◆ What you have to do:
Your reply should reproduce the data below without a single alteration, apart from dropping the images.

═════ Data block

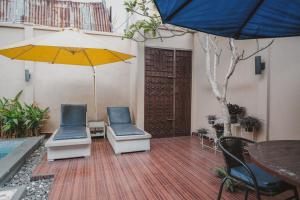 a patio with two chairs and an umbrella at RedDoorz Plus @ Tanjung Karang Lampung 2 in Bandar Lampung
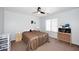 Cozy bedroom with neutral carpet and a ceiling fan, offering a comfortable space at 24113 N 26Th Pl, Phoenix, AZ 85024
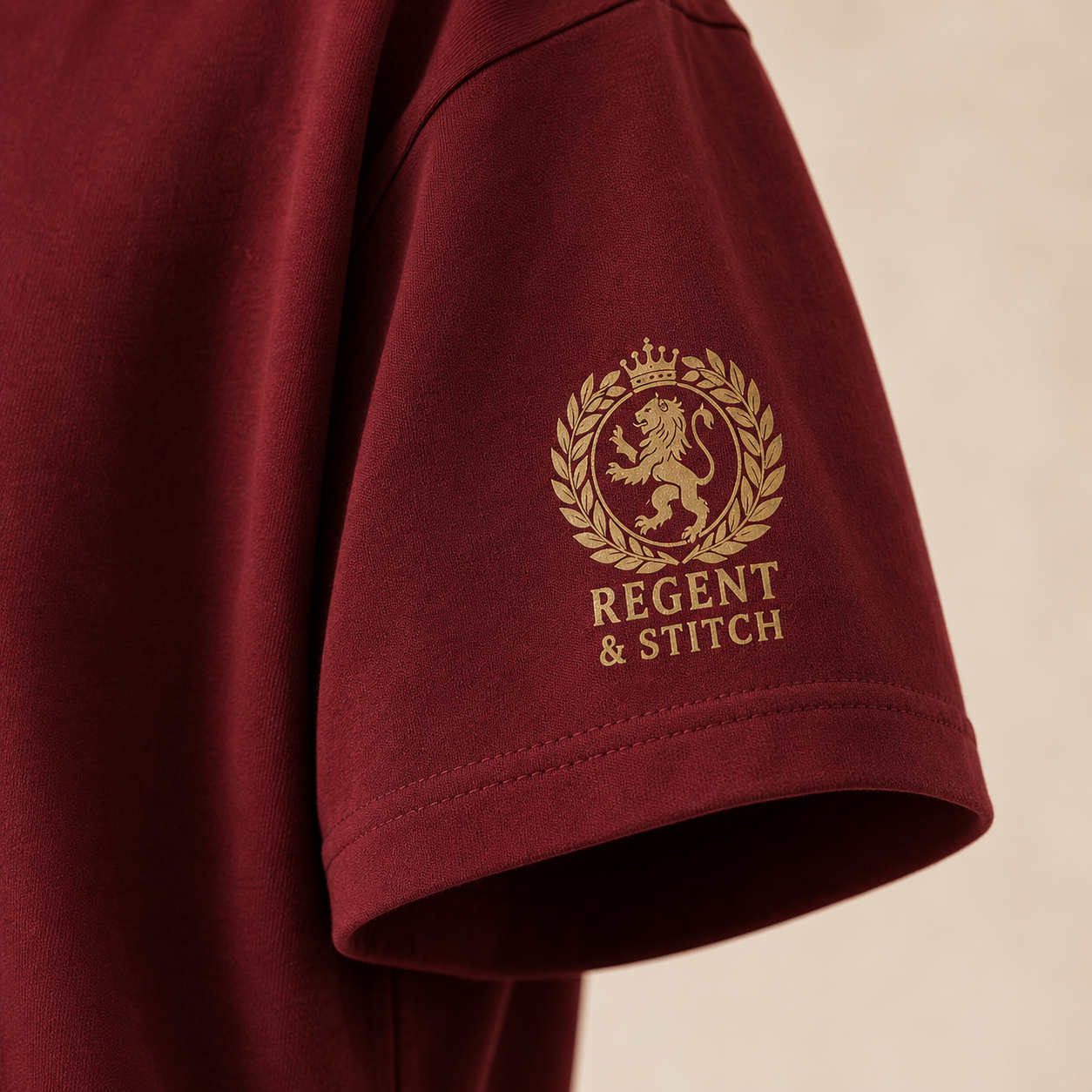 Regent & Stitch Greatness stitched limited edition T-shirt in maple leaf red, featuring a detailed embroidered design.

══════════

◆ Task result:
 a patio with two chairs and an umbrella at RedDoorz Plus @ Tanjung Karang Lampung 2 in Bandar Lampung
 Cozy bedroom with neutral carpet and a ceiling fan, offering a comfortable space at 24113 N 26Th Pl, Phoenix, AZ 85024
 Regent & Stitch Greatness stitched limited edition T-shirt in maple leaf red, featuring a detailed embroidered design.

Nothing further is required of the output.